_Directions for this task_
Set down exactly the lines that run from the one containing "Welcome back to" to the end of the material below, both included, without pictures.

_Dataset content_
Start of Block

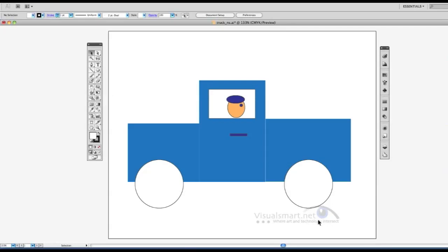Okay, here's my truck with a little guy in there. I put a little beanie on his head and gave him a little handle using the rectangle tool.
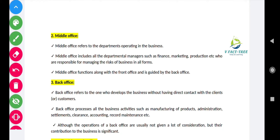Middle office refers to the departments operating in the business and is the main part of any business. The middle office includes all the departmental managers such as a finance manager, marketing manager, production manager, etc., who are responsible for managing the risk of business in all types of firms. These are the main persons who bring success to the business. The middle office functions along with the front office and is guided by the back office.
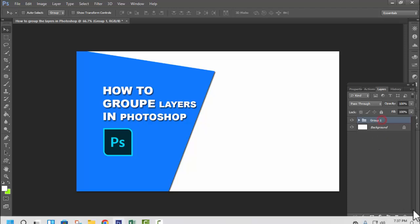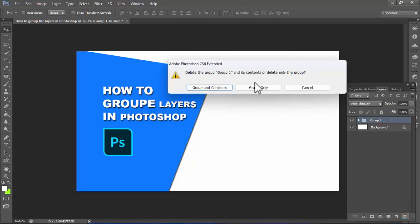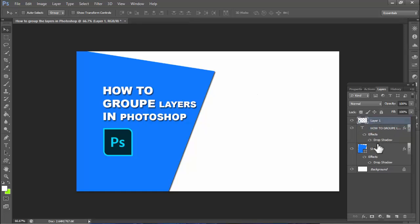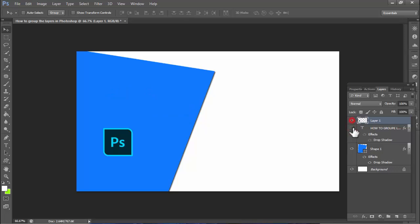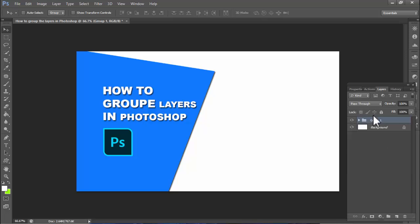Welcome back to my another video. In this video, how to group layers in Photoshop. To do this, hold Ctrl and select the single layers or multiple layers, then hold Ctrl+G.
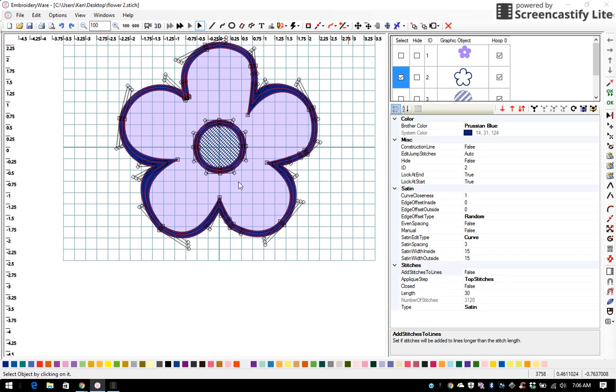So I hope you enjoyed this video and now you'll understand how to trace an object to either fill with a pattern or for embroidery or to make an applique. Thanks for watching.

End of Block

_Response area_
Welcome back to my another video. In this video, how to group layers in Photoshop. To do this, hold Ctrl and select the single layers or multiple layers, then hold Ctrl+G.
So I hope you enjoyed this video and now you'll understand how to trace an object to either fill with a pattern or for embroidery or to make an applique. Thanks for watching.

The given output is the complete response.